New technologies can be intimidating and scary because they represent change and the unknown. People may be hesitant to adopt new technologies because they are unsure how they will work or fit into their existing way of life.

Additionally, new technologies can sometimes create uncertainty about the future and its impact on society. This fear of the unknown can lead to resistance to change and skepticism about new technologies.

For instance, bicycles were once thought to cause insanity and something called “bicycle face” that was a danger to a person’s health.

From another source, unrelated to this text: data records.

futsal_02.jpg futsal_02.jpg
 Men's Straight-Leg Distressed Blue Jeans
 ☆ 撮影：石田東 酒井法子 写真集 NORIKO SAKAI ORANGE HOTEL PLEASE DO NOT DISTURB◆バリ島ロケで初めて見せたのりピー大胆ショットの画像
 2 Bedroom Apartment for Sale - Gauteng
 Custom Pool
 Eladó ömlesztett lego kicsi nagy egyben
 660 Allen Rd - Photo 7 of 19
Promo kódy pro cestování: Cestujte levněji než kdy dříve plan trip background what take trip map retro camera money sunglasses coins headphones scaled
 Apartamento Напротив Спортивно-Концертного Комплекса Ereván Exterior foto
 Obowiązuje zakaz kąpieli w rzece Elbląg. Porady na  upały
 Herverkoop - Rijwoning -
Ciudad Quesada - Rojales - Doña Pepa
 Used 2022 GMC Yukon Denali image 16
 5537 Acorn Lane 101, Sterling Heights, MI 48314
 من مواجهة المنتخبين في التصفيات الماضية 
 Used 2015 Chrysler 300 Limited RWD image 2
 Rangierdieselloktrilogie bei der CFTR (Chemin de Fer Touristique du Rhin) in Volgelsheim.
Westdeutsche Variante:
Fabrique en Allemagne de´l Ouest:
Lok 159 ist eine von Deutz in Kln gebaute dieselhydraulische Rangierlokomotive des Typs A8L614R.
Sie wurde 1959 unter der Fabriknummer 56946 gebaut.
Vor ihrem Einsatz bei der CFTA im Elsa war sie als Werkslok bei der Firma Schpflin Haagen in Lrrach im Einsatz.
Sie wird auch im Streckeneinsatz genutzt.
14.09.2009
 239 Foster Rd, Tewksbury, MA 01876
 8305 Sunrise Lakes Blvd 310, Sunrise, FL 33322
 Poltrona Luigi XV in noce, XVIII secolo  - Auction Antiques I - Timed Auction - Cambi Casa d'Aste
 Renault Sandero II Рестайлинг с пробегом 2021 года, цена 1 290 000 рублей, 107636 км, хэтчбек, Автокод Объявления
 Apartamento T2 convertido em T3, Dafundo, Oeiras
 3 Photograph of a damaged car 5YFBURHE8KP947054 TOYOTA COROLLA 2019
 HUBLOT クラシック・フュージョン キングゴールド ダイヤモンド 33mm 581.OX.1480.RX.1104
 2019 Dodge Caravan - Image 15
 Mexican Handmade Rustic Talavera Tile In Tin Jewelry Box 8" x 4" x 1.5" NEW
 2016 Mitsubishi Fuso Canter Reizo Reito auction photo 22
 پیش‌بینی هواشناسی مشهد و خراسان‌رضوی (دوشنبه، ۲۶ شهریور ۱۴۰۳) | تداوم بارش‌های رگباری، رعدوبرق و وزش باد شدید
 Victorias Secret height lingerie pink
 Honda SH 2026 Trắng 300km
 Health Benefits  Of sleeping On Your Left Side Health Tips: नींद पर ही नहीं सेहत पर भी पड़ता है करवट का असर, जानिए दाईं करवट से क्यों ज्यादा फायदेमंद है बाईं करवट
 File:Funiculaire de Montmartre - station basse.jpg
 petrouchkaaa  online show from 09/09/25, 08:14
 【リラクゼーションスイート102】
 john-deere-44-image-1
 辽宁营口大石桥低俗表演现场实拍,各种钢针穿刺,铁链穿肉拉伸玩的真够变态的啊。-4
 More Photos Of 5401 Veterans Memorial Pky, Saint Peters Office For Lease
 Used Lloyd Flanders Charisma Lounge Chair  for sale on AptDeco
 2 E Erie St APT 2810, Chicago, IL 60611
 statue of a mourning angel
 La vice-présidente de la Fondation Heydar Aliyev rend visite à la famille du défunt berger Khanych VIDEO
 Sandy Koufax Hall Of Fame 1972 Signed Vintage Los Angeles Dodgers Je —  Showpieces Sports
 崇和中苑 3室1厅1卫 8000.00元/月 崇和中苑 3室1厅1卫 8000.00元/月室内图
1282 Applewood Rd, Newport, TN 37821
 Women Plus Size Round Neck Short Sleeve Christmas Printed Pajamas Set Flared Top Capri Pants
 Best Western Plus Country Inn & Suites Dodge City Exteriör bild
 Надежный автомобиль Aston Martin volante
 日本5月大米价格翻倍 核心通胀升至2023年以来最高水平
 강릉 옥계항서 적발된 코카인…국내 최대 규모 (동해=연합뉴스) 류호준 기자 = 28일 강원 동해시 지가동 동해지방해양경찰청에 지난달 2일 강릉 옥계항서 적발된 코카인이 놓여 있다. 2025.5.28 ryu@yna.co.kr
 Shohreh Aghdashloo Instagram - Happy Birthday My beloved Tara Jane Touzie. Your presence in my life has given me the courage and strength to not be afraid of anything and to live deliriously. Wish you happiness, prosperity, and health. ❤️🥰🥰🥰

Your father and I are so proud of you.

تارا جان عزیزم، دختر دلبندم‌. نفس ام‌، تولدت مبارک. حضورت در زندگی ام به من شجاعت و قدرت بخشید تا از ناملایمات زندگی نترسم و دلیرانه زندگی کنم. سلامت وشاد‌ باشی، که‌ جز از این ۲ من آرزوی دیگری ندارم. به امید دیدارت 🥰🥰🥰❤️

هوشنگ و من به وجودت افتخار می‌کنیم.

Weird, I know, but totally true. Fearing new technology isn’t new.

Technology enthusiasts have to keep things in perspective when talking about new tools. Not everyone gets as excited as we do about disruptive tools, and not everyone immediately sees the potential. Patience, brethren. Change comes slowly.

Teachers might be uncertain of how to effectively incorporate ChatGPT into their classrooms, making them feel uneasy. To ensure successful implementation, teachers should become well acquainted with the tool beforehand and develop a strategy tailored specifically to it.

Another reason could be that they are concerned about the potential for the tool to be misused by students, for example, by using it to cheat on assignments or exams. Also, some teachers may be concerned about the impact of using a tool like ChatGPT on students’ critical thinking skills and ability to engage in deep learning and reasoning.

I should probably also mention that every input is being tracked, especially during this “research” phase of ChatGPT. OpenAI doesn’t hide this at all; they tell you that everything you type and every conversation generated is being tracked when you sign up. They even ask you for feedback when you get a generated response. Be aware of what is going on when using a tool like this.

Finally, there may be concerns about the ethical implications of using a tool like ChatGPT in the classroom, particularly with regard to issues such as privacy and the potential for bias in the tool’s responses. We’ve already seen the impact of widespread disinformation and how social media can influence opinions.

In case you’re curious, ChatGPT has some left-leaning and libertarian political bias.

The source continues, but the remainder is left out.